Ilan Man - A couple of things:
As I learned more about data science (that pivot came about 6 years into my actuarial career), I realized that the statistical knowledge and applications I had used up until then weren't the same, and, frankly, were much more superficial than what data scientists were doing in the early 2010s.
Data scientists were building things from scratch, as certain libraries (like scikit or statsmodels) were nascent and, in general, stakeholders weren't familiar with concepts that some of us take for granted today, such as A/B testing, or Bayesian thinking, or how to think statistically (distributions, tails, etc). I thought that if I were to grow my career in this direction, I'd be spending a bunch of time developing junior data scientists, and also explaining to non-technical folks some of these core concepts.
Knowing myself, I need to deeply understand something if I'm going to put my name down beside it, so wanted to learn from the experts in academia and then apply that to the business domain. Sort of a 1 step back, 2 steps forward thing. The jury is still out on whether that plan worked!
I wanted a temporary change of scenery from New York, and some things in my personal life aligned timing-wise to make space for a new experience.

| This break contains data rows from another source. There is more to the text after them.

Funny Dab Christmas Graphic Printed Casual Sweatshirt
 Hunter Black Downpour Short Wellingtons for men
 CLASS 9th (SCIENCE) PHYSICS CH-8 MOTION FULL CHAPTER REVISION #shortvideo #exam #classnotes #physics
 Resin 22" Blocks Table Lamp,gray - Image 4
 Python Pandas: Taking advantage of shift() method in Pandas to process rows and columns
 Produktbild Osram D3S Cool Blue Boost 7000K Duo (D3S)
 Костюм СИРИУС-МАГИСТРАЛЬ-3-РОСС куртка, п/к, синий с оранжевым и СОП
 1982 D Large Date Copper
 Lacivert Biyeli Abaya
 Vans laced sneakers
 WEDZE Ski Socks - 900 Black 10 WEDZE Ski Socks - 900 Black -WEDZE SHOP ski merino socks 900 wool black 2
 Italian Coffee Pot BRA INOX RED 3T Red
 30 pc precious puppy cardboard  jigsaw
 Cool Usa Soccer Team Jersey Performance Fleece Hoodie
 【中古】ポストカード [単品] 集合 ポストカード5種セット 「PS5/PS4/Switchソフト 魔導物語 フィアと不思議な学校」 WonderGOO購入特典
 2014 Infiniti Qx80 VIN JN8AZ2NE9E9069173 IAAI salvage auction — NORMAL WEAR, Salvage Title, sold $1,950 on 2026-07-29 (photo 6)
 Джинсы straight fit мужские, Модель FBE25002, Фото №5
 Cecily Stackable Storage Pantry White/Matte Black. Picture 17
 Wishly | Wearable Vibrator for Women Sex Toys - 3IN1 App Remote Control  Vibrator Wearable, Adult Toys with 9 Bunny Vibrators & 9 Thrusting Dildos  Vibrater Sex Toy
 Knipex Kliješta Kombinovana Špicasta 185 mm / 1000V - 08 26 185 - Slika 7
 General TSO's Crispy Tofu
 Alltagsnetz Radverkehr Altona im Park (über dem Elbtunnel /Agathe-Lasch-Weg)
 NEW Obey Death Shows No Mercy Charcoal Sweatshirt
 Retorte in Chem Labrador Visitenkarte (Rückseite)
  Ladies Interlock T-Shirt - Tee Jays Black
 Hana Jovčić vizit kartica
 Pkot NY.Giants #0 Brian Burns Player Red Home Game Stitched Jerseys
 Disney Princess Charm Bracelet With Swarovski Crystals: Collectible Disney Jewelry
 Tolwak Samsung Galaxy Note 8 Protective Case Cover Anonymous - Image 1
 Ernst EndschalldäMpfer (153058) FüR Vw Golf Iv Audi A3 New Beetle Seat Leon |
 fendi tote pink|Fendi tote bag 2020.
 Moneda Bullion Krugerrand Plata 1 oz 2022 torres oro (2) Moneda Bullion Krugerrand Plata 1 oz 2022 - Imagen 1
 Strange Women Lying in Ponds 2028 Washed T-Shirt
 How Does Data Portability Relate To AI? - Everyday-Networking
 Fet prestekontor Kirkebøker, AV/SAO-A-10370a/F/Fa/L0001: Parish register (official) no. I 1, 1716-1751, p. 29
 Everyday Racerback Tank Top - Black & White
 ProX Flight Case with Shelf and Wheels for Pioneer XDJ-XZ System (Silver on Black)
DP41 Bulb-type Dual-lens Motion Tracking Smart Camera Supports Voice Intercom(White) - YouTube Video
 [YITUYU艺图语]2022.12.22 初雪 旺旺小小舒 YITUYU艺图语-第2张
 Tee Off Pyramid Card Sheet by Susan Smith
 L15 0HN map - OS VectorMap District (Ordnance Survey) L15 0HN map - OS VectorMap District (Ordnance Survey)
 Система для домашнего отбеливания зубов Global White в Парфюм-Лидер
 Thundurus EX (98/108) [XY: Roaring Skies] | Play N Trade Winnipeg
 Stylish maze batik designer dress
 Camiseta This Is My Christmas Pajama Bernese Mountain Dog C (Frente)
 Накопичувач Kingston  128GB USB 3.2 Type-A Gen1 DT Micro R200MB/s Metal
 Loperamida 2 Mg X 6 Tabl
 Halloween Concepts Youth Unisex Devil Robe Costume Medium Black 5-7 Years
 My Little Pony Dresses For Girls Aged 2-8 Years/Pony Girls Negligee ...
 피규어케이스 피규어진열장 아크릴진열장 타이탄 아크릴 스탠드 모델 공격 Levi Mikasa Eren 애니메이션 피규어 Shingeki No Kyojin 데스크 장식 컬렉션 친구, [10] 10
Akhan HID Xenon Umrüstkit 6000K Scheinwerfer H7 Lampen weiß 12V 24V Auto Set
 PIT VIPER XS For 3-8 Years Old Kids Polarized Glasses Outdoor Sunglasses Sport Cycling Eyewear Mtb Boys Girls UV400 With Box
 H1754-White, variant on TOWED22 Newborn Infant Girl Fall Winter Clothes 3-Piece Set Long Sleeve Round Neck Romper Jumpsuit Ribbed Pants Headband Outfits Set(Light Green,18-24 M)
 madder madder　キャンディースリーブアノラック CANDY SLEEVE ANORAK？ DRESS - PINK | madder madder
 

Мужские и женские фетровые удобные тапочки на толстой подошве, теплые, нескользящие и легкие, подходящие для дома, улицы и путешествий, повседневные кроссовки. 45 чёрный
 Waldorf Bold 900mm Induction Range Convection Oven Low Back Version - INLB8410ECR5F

So, this was also a catalyst for that.]
How you came to data in your career
I started my career as an actuary, which had a nice blend of stats, a business domain (insurance, finance, risk) and lots and lots of spreadsheets. After a few years, it was clear that this wasn’t a career path I was interested in (too corporate, stuffy, and much less technical than I was hoping it would be) and that’s when I happened upon data science, around 2012. Once I learned more about what data scientists do (and at that time there weren’t too many) I realized it was very similar to what I did as an actuary, but they worked in code, used MacBooks, and worked at start ups, unlike the actuarial world I was familiar with. I decided this was definitely the next step for me. A little “fake it till you make it” later… and, well, I’m still not sure what’s on the other side of that, but it’s been a fun ride!
An overview of the places you have worked in data and what roles you have held
Since pivoting out of being an actuary (after spending a few years at a large German reinsurer and a couple as a consultant at EY), I held data positions of increasing scope and complexity as an analyst, a data scientist and a head of data - the latter across 3 different tech start ups. Aside from a few poor decisions here and there, I spent meaningful time as a data professional at Squarespace, Paperless Post, Trialspark, and presently Brooklyn Data. It’s funny that my last job as an actuary was as a consultant at EY, and my current job is also at a consultancy, though my jobs and the companies are polar opposites.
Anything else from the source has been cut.